Combining like terms is a fundamental process when working with linear equations. This involves simplifying the equation by merging terms that are similar, which usually means they have the same variable to the same power. In the given exercise, the equation started as \(5y + 2y - 1 = 6y\). Here, both \(5y\) and \(2y\) are like terms because they contain the variable \(y\). By adding these two terms together, we simplify the expression to \(7y - 1 = 6y\).
This process helps reduce the complexity of the equation, making it easier to isolate the variable in the following steps. Always look for coefficients with the same variable as an initial step to streamline your work.

Isolating the variable is the next crucial step in solving linear equations. This involves rearranging the equation so that the variable you are solving for stands alone on one side of the equation, usually the left side. In our exercise, we began with the equation \(7y - 1 = 6y\).
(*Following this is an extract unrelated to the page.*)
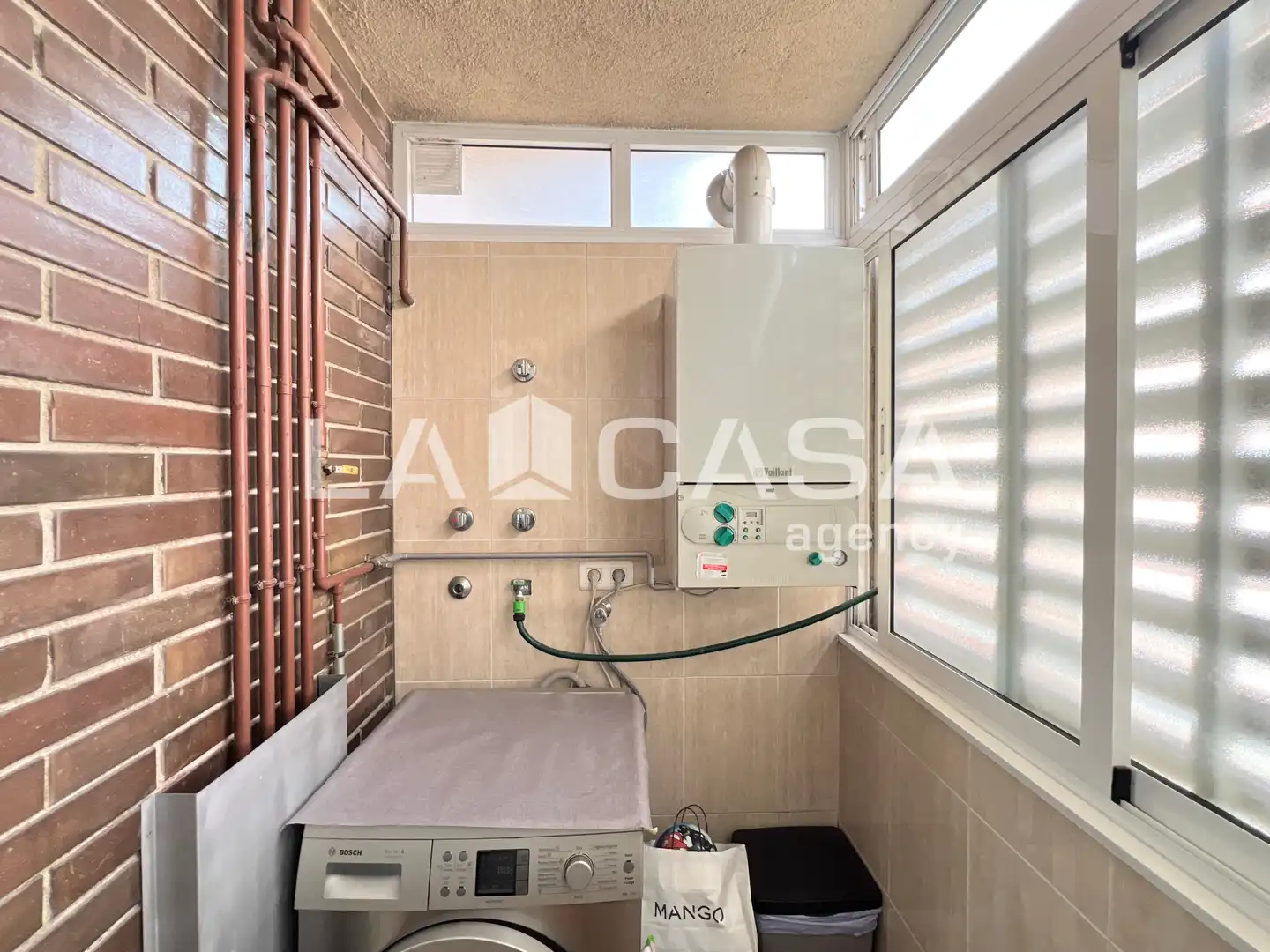 Piso en venta en Badalona con Calefacción, Terraza y Trastero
In order to isolate \(y\), we first subtract \(6y\) from both sides. After performing this operation, the equation becomes \(7y - 6y - 1 = 0\), which simplifies to \(y - 1 = 0\). This manipulation leaves us with a simpler equation where the variable \(y\) is more prominently featured and almost isolated for the final step.
Always keep in mind that reversing operations, like addition and subtraction, is often necessary to achieve this simplified form.

Solving the equation is the final step where you find the value of the variable. Once like terms have been combined and the variable isolated, you're usually left with a straightforward equation to solve. In this exercise, after isolating \(y\), we were left with the equation \(y - 1 = 0\).
To solve for the variable \(y\), we simply perform the inverse operation of subtracting 1, which is to add 1 to both sides of the equation. This balances the equation and results in \(y = 1\).
By following these methodical steps, you ensure that all operations are balanced, leading you to a correct solution. Always review your work to confirm that the solution satisfies the original equation.